Está se dobrando aqui a minha culpa, acumulada pra que não me esqueça, ta ali aquele lençol que me condena. Só mesmo dobrado o tempo que coube no baú pode tomar a minha face. Se pudesse de algum jeito esticá-la; refazê-la qual à cama. Mas teria de ser forte e rápida para puxar as duas pontas. Sem distorções que me deixem novas marcas. Impecavelmente trabalhada. Para compor detalhes novos e um desfecho empolgante, valeria estapear a minha cara?
Esticar assim espelho:
(voltada ao espelho, ensaiando com calma a sua fala)
“Quero lhe dizer algo. Eu preciso fazer isso com firmeza porque há muito você prefere não me ouvir e ignora as minhas tentativas. Quero que você se sente e preste atenção em cada sílaba. Atente aos detalhes e não pisque. Apenas ouça, sem interrupções.
Quero contar que lhe traí.

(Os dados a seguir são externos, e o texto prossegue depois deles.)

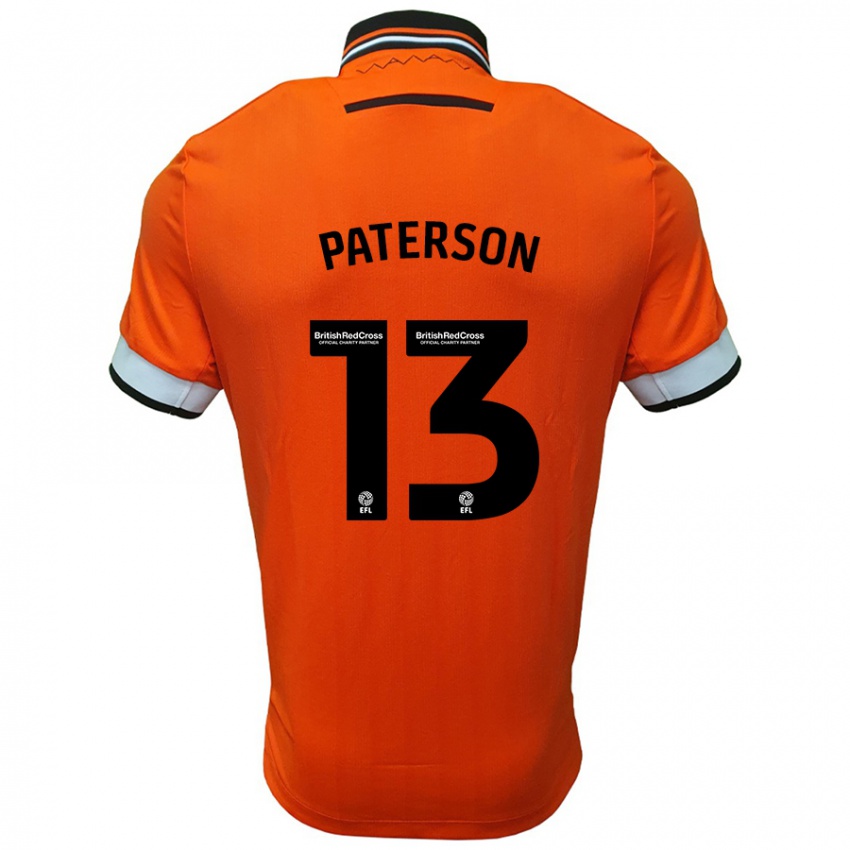 Lapset Callum Paterson #13 Oranssi Valkoinen Vieraspaita 2024/25 Lyhythihainen Paita T-Paita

Fiz isso por um orgulho pessoal que não suporto ter de suprimir. Não agüentei ter de me submeter à monotonia do nosso relacionamento. Há tempos não somos um casal. O sexo tornou-se enfadonho, você não me acaricia como antes, eu também já não sinto tremor com o seu toque. A verdade é que de todas as desculpas essas me pareceram as melhores. Traí por um prazer próprio, por curiosidade. Acho até que assim consegui um desafio para o nosso cotidiano insosso. Tenho agora um assunto polêmico para tratar e confesso que transar com você depois de ter sentido outros prazeres foi no mínimo mais interessante do que antes, ainda que não tenha deixado de ser cansativo. Traí sua confiança e não foi a primeira vez. Sim, foi a primeira em que toquei outro corpo, mas não foi a primeira em que tive esse desejo. Tenho há muito desejado novas posturas. Novas aventuras. Novos assuntos. Eu prefiro que meu discurso seja rápido, objetivo, direto. Desculpe a postura firme e fria. Só assim eu falo o que sinto com a desenvoltura que quero. Entenderei se quiser deixar a sala agora, entenderei se quiser deixar o casamento. E posso compreender se ao contrário do esperado você quiser ficar. Ainda que com estranheza, pois há muito você esqueceu o sentido de surpresa e inovação. Então, decida-se.”
(com sinal de negaçãoa ao espelho)
Rude! Muito frio! Rude! Muito Rude!
Até porque houve um dia em que ele trouxe flores. Estávamos sérios por causa dos constantes problemas financeiros e ele trouxe flores e chocolates. Clichê sim! Mas lindo! Quis colocar música no rádio, me tirou do sofá para uma dança. Eu ignorei as flores. Comi talvez uns dois chocolates. Irritei-me com Tom e Vinícius e recusei a dança a ficar com meu telejornal favorito. Que horrível é ter um programa favorito na televisão, é como assumir que não sei mais falar! Talvez eu também esteja um pouco ausente e olhando pra você agora, espelho, eu quase não me vejo de verdade.
As sobrancelhas retas – quase sérias. Não, quase alegres, porque sérias elas sempre estão. São.